Just Beyond The Bridge

Beyond Seven Years In Tibet

Sunday, February 24, 2008

Pigeon-holed in “Reviews

Beyond Seven Years In Tibet: My life before, during and after has been the third book that I have read by Heinrich Harrer, and probably the last for sometime. Being his autobiography, it really is more than just an expansion upon his most famous work, Seven Years In Tibet, and the other book I recently finished, Return to Tibet.

It’s odd that I never showed any great interest in his writing before, or really had any knowledge of this man’s life. It wasn’t until after my time in Tibet, India and Nepal that I actually got around to reading any of it. Most of the volunteers who we met out there had already read the book, leaving me a little out of the loop until I got back home and started my way through some of it.
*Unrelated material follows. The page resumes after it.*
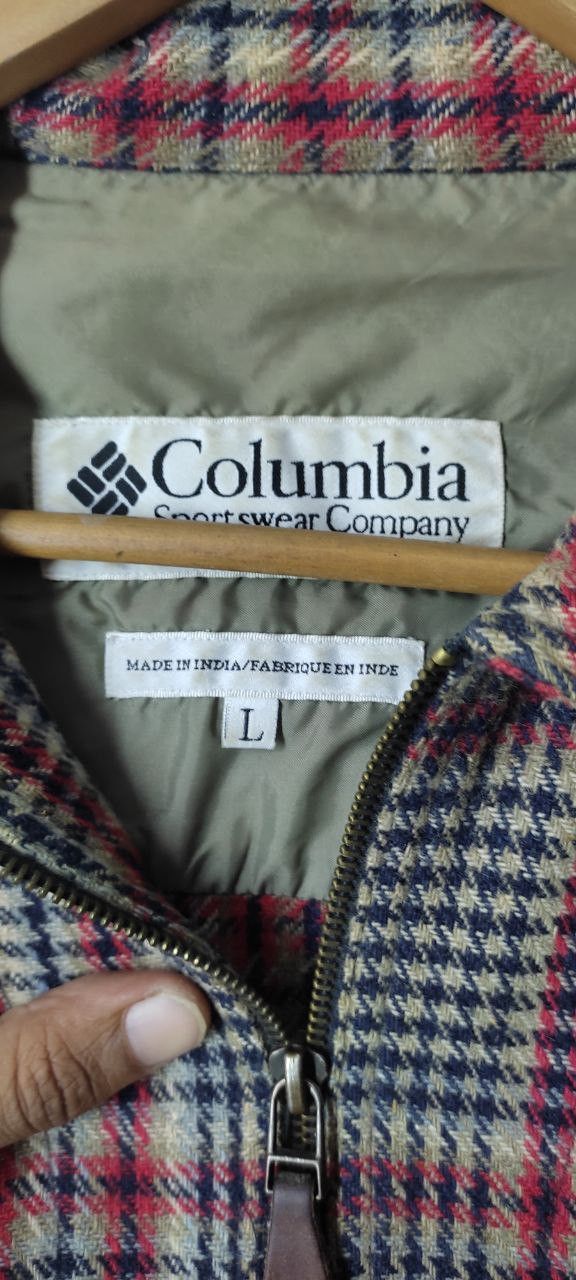 Columbia COLUMBIA SPORTWEAR TARTAN STRIPE WOOL JACKET Size US L / EU 52-54 / 3 - 8 Thumbnail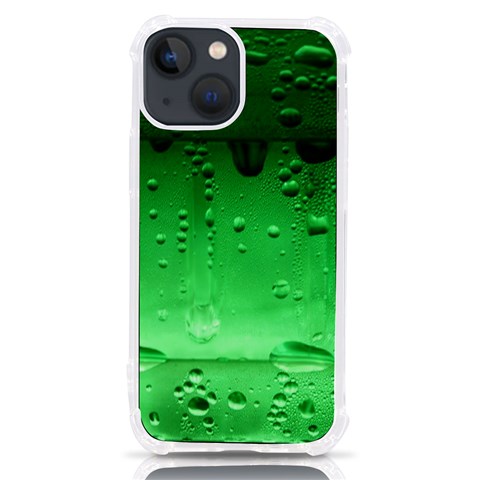 Cool Water Green iPhone 13 mini TPU UV Print Case from ArtsNow.com Front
This version in English was only published in July, and it took me 6 months for a copy to arrive. I rarely use the local library, but it saved me £25 as ithey had to purchase it specially as there were no copies in the system when I first asked after it.

Harrer penned the original German copy of the book back in 2002, but his death at the age of 93 (this time two years ago) meant that he didn’t live to see the UK release.

The book is very much in the same distinctive literary style that all his writing takes. Incredibly matter of fact, with little in the way of emotion or ornamentation, it makes makes for text with exceptional clarity, although at times you do wish he would give away just a little more. I felt more satisfied with this book than with the previous two for a couple of reasons. Firstly, this book really does set the scene. His childhood life in Austria, his (Olympic) sporting career, and his successful first ascent of the famous Eigerwand mountain in the lead up to the second world war (which is interesting as it is from a German perspective). It also covers his time spent at Dehra Dun civilian prisoner of war camp in India, and then joins up with Seven Years as he makes his way deep into the Himylaya.

His time in Tibet provides an extraordinary account, and after visiting the place, and comparing it to the photographs and accounts of previous explorers, I can’t help but find the whole idea of pre-occupation Tibet as being a truly magical and romantic existence.

But of course that was all to end, and after returning home to meet his son for the first time, he then tells of the many expeditions and photographic assignments he undertook in the following 40 years. And this is where I became truly captivated with this book. I had read a lot about Tibet by the time I started this, and I’m glad he doesn’t dedicate more than he needs to the subject - if you want to read about that you clearly should read his 1957 book. But for all the details of his experience in the Belgium Congo, with the final days of the remote tribes of New Guinea, along the Amazon, Borneo, Africa, India and Nepal, Bhutan and Tibet once more, then you need this volume.

It amazes me that after his time in Tibet he spent so much time networking with the mountaineering/explorating elite - encounters with Sherpa Tenzing, Edmund Hillary, King Leopold III and others - and to think that all of this occurred in only the past forty years is astounding. Mainly because it’s hard enough to believe Pygmy tribes living in a practically Neolithic existence still survived well into the mid to late 20th century. His encounters with native inhabitants in still highly unchartered and often dangerous lands and times seem impossible now, and his love of the outdoors and for ethnological study really comes to the foreground as his passion - something I don’t think that is so easily picked up from his most famous, earlier writings.

Clearly he experienced some distress in the later part of his life when journalist started digging up his past, but as I can’t seem to find much discussion about this and it’s hard to draw any conclusions. If anything, this is one aspect of his life that I still am unsure I truly understand. By the time he got around to producing his memoirs he seems to have been content with his achievements, and I think I’m now content with my exploration of his life.

A truly remarkable man who led an extraordinary existence and never seemed to waste any of his 93 years.